I think tens of thousands of tourists come to the Big Island specifically to see this. It's the only place on da planet where new land is being created. As we trudged our way toward the flows, a lot of what we walked over was anywhere from a few hours to several days old. Most people never walk on any type of earth, given the concrete jungle that we live in. So to walk on new earth, and then to witness new earth being born is amazing. All of us watched this flow for what seemed like an eternity.

Then we hike another quarter mile and see this:

How often do we see ocean water combat red hot lava? It's like two opposites hashing it out, making brand new land. Land that someday, if we humans are still around, an agent will sell. To think we can own that is stupid, but oh well.

For me, I've always loved the creation of art. When I hike through San Francisco, I love watching street performers. They're creating art right in front of our eyes. I think that's why we love certain reality shows like American Idol, or theater, or live music, or even Cirque du Solei. We want to live in the moment, but when it comes to our own lives, we don't.

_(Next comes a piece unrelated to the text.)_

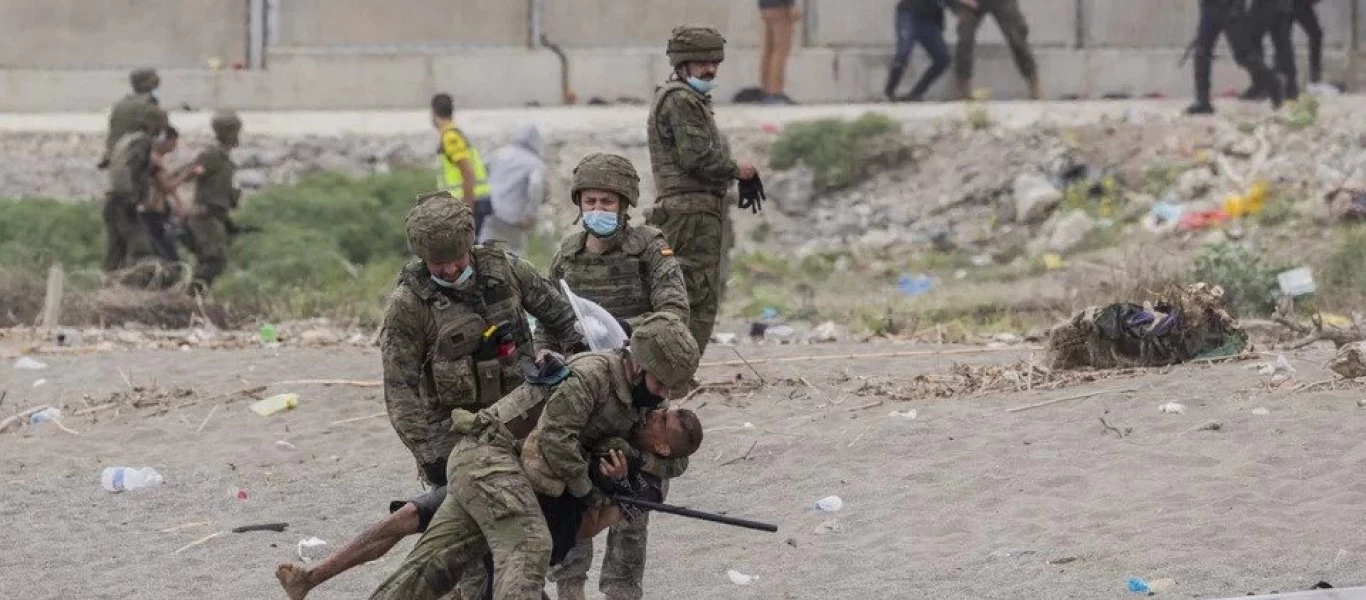 Ισπανία: Σε κατάσταση ανάγκης λόγω παράνομων μεταναστών η Θέουτα - Κινητοποιήθηκε ο Στρατός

So we succumb to something like cooking shows because they're not only taking risks by being in a competition, but they're creating something new, something from nothing. It's pretty amazing stuff. My vice is Design Star on the HGTV channel.

Back to the flows. I'm not sure I'll be back. It's quite an effort to get there. I'll never forget it because I have pictures. And because the experience of getting there, seeing something like that, then not wanting to leave, but we do, is a cool experience to be had, much like being in da Hawaiian Islands.

One funny story: The ranger said if we needed to pee, we should let him know. He doesn't want to lose a tourist and have that reputation fowl our time here. As it happened, I needed to go and headed over a small hill. This way, I'll get privacy, not that anyone would shine a light to watch me pee, and hope its far enough away where the smell of pee won't reach the rest of the group. As I peed, the sound of sizzle on the hot rock startle me. It's not a normal thing for me to pee and here sizzling. Then the smell of urine punches my nostrils. Whoa. Have you ever walked by an alleyway and realize people use that alleyway to pee in? Now multiply that by a thousand, add heat, mugginess, and downwind. Yuck.

My characters who are both warriors and hunters understand that concept of downwind. I apparently do not. Worse was when I trekked back to my group, that downwind blew toward us and carried with it my boiled pee, fowling that area. Live and learn.

One suggestion if you do go to the lava flows. Do wear pants. We almost made it out when two people fell. One man fell on his hand and cut his palm open. Another woman fell on her shin, but she wore leggings. Rolling her leggings back revealed she suffered some deep bruising in its early stages and several cuts. Ouchy.